- _The task_
Repeat every line of the data exactly, but not the pictures.

════════

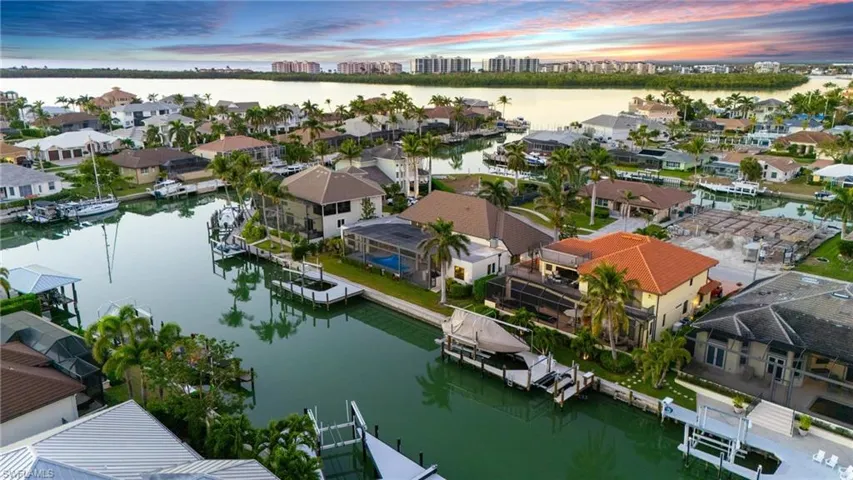 Aerial perspective of suburban area with a large body of water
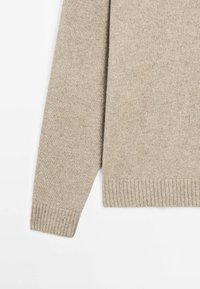 Beige trui met een zachte, gestructureerde brei, ribgebreide manchetten en zoom. Met een klassieke snit, lange mouwen en een ronde hals.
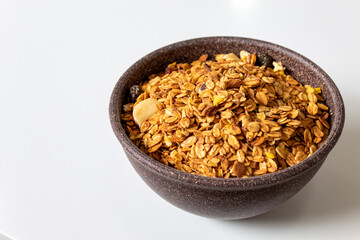 GRANOLA EM TIGELA DE MADEIRA EM FUNDO BRANCO
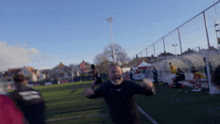 a blurry picture of a soccer field with a man wearing a black shirt with the word adidas on it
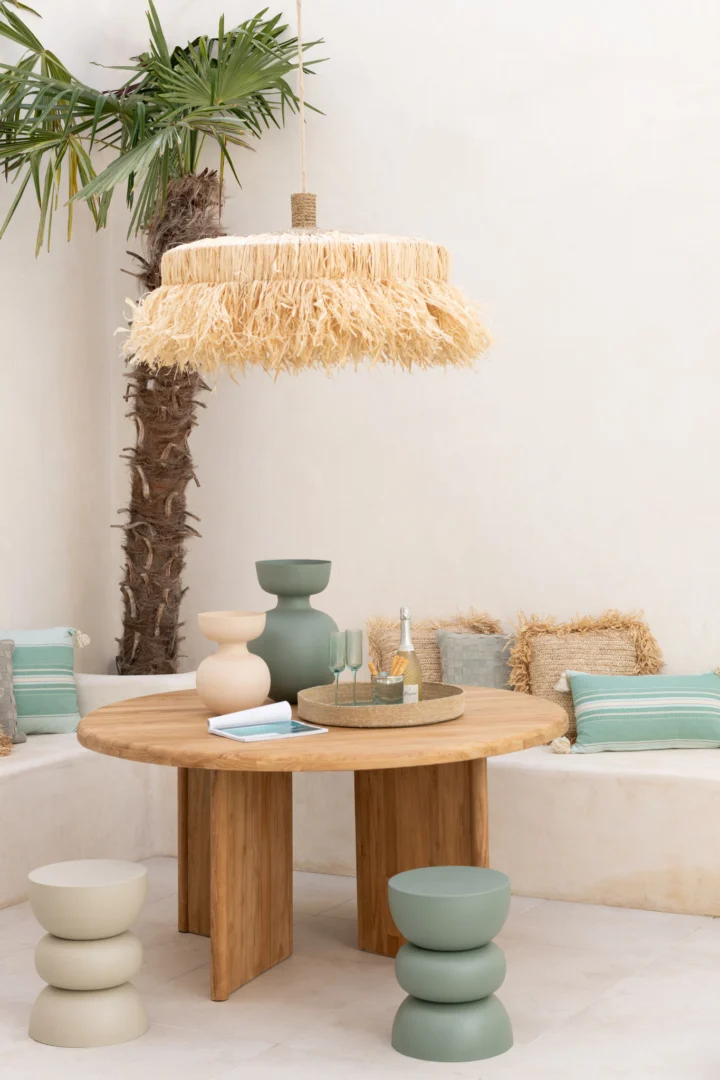De Bijzettafel Lise IJzer Groen zit onder een hanglamp van gefranjerd stro, omringd door banken met kussens en pastelkleurige krukjes. Decoratieve vazen, een dienblad, gestructureerde kussens en een palmboom voegen charme toe aan het tafereel.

════════

- _Response box_
 Aerial perspective of suburban area with a large body of water
 Beige trui met een zachte, gestructureerde brei, ribgebreide manchetten en zoom. Met een klassieke snit, lange mouwen en een ronde hals.
 GRANOLA EM TIGELA DE MADEIRA EM FUNDO BRANCO
 a blurry picture of a soccer field with a man wearing a black shirt with the word adidas on it
De Bijzettafel Lise IJzer Groen zit onder een hanglamp van gefranjerd stro, omringd door banken met kussens en pastelkleurige krukjes. Decoratieve vazen, een dienblad, gestructureerde kussens en een palmboom voegen charme toe aan het tafereel.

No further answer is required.